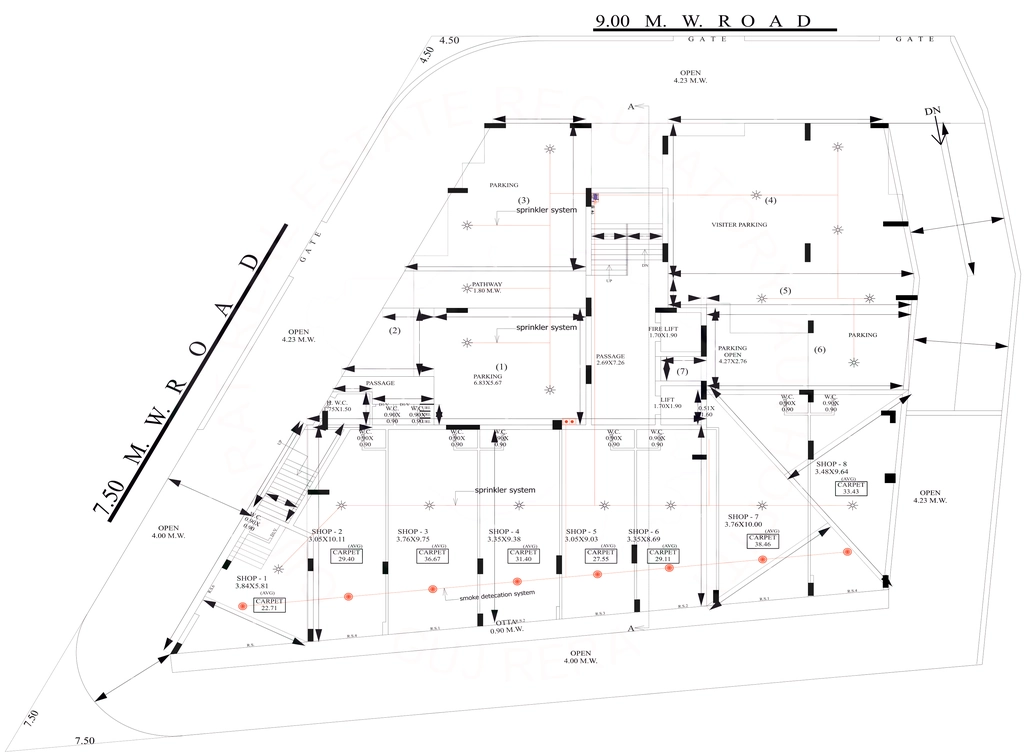 Master Plan of Commercial Bhumi Shubh Vihar in Raiya, Rajkot - Image 428842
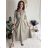 Langärmliges Hemdkleid für Damen mit Gürtel (S/M EINHEITSGRÖSSE) ITALIAN FASHION IMPSH24210151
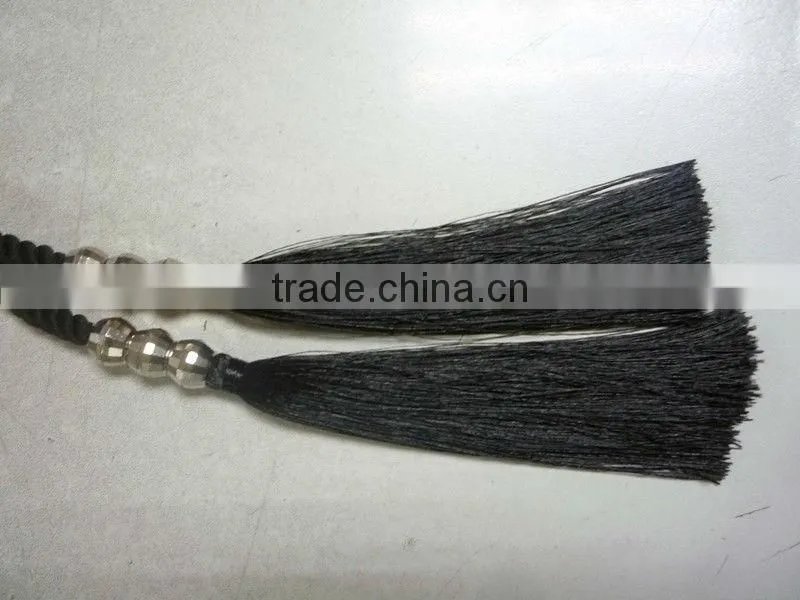 latest style black tassel dress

REQUIREMENT: Would you transcribe all of the data exactly, omitting any pictures?

RESPONSE TO THE TASK:
 Master Plan of Commercial Bhumi Shubh Vihar in Raiya, Rajkot - Image 428842
 Langärmliges Hemdkleid für Damen mit Gürtel (S/M EINHEITSGRÖSSE) ITALIAN FASHION IMPSH24210151
 latest style black tassel dress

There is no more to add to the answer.